(Work instruction):
Leave out the images and return all the data word for word.

(Available records):
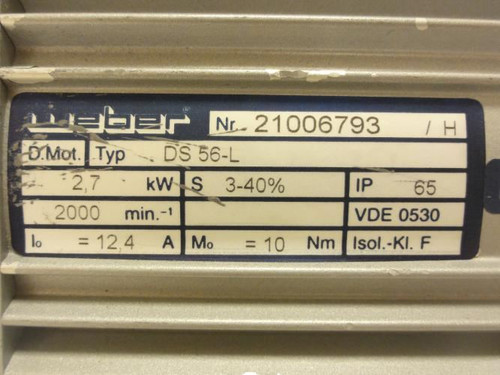 Weber DS 56-L; Servo Motor # 21006793; 2.7kW 2000 min.-1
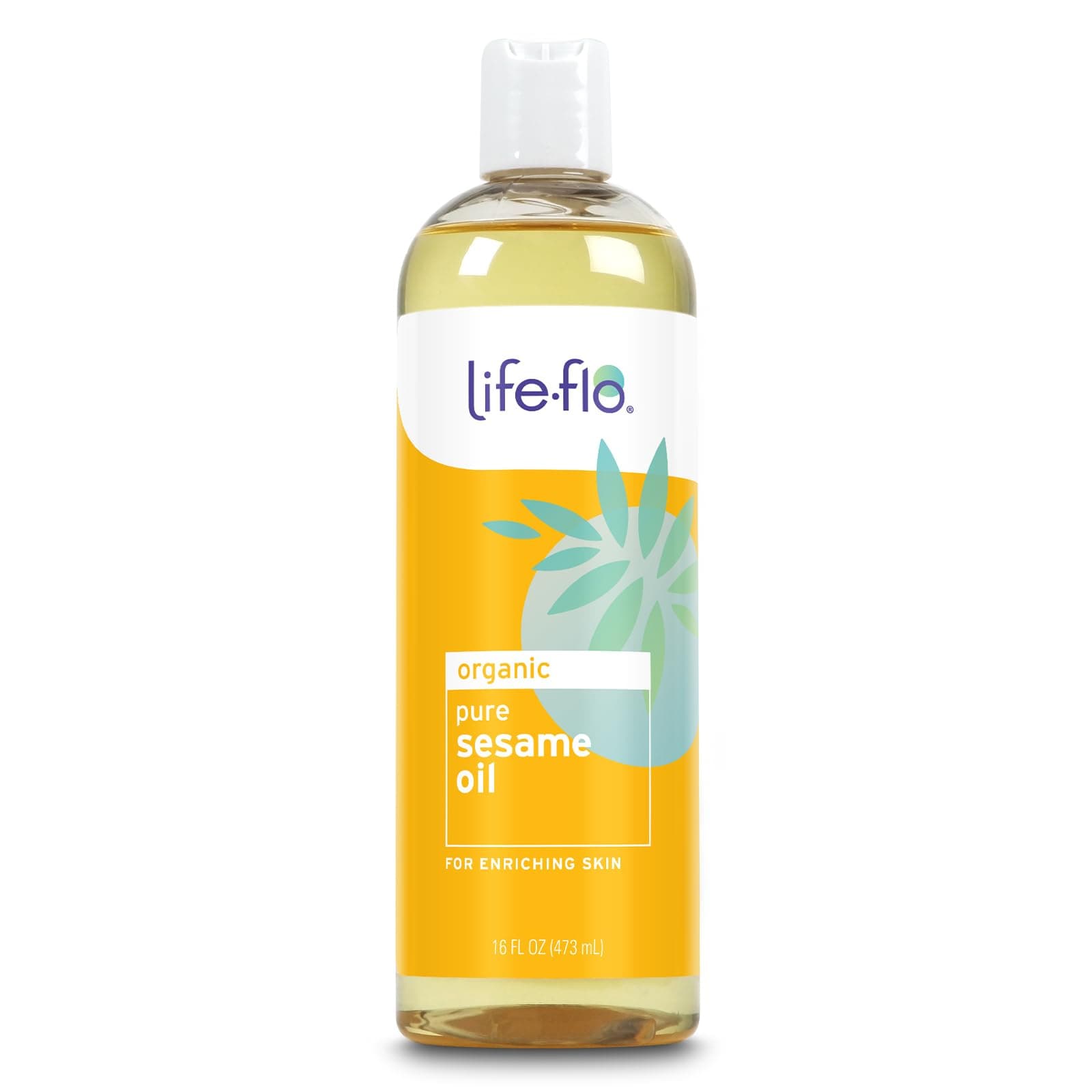LIFE-FLO Organic Sesame Oil - Face and Body Oil - Body Moisturizer and Nutrient for Dry Skin Care - Ideal for Massage - Extracted from Organic Sesame Seeds - 60-Day Guarantee - 16oz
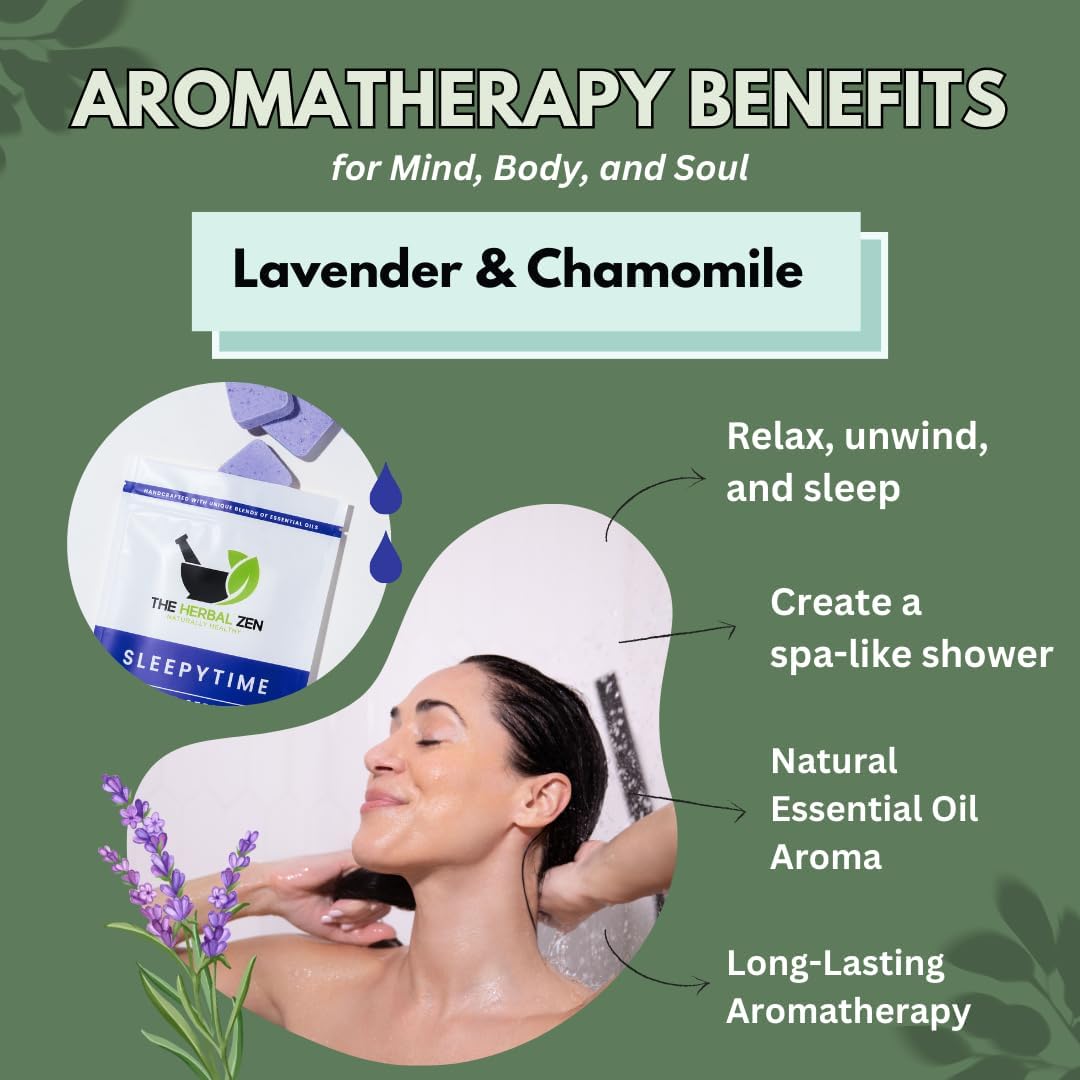 Sleepytime Lavender Shower Steamers Aromatherapy 10 Pack - Relaxing Shower Bombs with Pure Essential Oils for Relaxation and Unwinding - Spa Gifts for Women and Men - The Herbal Zen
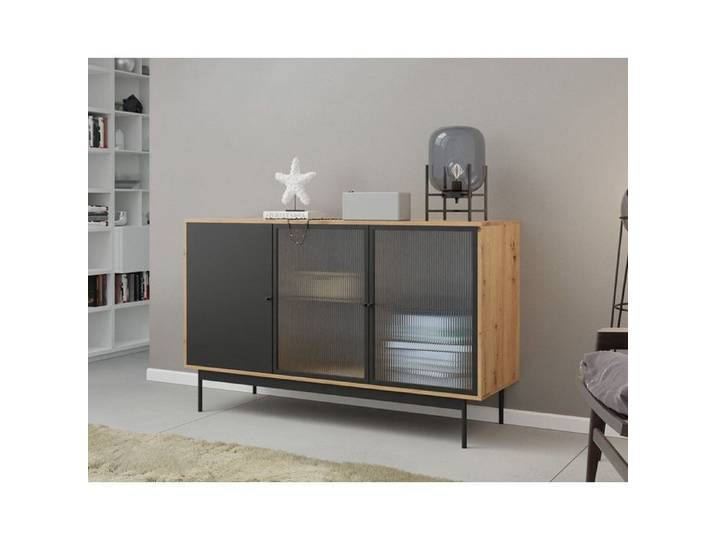 Lamia - buffet bas - effet bois et noir - 3 portes - 148 cm - Noir / Bois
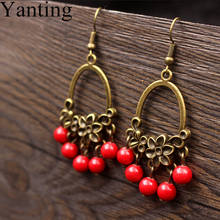 Yanting Red Tassel Earrings Ethnic Women Earrings Handmade Vintage Flower Earring Gifts For Female Supplies For Jewelry 054 2024 - buy cheap
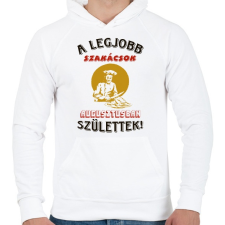 PRINTFASHION Szakács szülinapja augusztus - Férfi kapucnis pulóver - Fehér férfi pulóver, kardigán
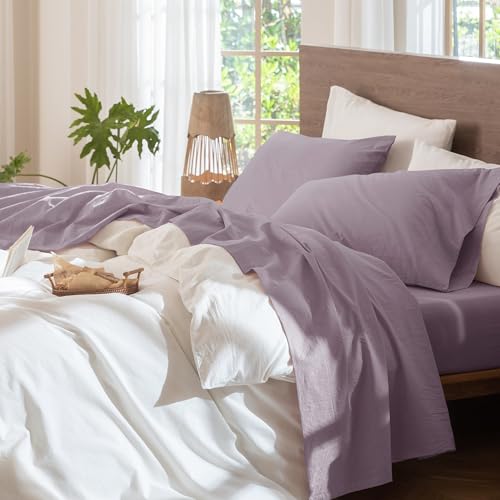 Image of MooMee Sheet Set 100% Washed Cotton Linen-Like Extra Deep Pocket Queen | Relaxed Linen-like Texture. Soft, Breathable & Lightweight Comfort. 15-19 inch Extra Deep Pocket with All-around Elastic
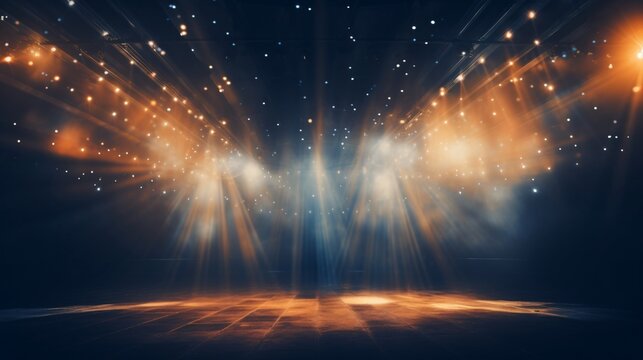 The background filled with concert lights creates a grand and special atmosphere. Colorful light spreads beautifully to bring liveliness to the concert.The hot and energetic atmosphere will excite you - Powered by Adobe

(The completed task):
 Weber DS 56-L; Servo Motor # 21006793; 2.7kW 2000 min.-1
LIFE-FLO Organic Sesame Oil - Face and Body Oil - Body Moisturizer and Nutrient for Dry Skin Care - Ideal for Massage - Extracted from Organic Sesame Seeds - 60-Day Guarantee - 16oz
 Sleepytime Lavender Shower Steamers Aromatherapy 10 Pack - Relaxing Shower Bombs with Pure Essential Oils for Relaxation and Unwinding - Spa Gifts for Women and Men - The Herbal Zen
 Lamia - buffet bas - effet bois et noir - 3 portes - 148 cm - Noir / Bois
 Yanting Red Tassel Earrings Ethnic Women Earrings Handmade Vintage Flower Earring Gifts For Female Supplies For Jewelry 054 2024 - buy cheap
 PRINTFASHION Szakács szülinapja augusztus - Férfi kapucnis pulóver - Fehér férfi pulóver, kardigán
 Image of MooMee Sheet Set 100% Washed Cotton Linen-Like Extra Deep Pocket Queen | Relaxed Linen-like Texture. Soft, Breathable & Lightweight Comfort. 15-19 inch Extra Deep Pocket with All-around Elastic
 The background filled with concert lights creates a grand and special atmosphere. Colorful light spreads beautifully to bring liveliness to the concert.The hot and energetic atmosphere will excite you - Powered by Adobe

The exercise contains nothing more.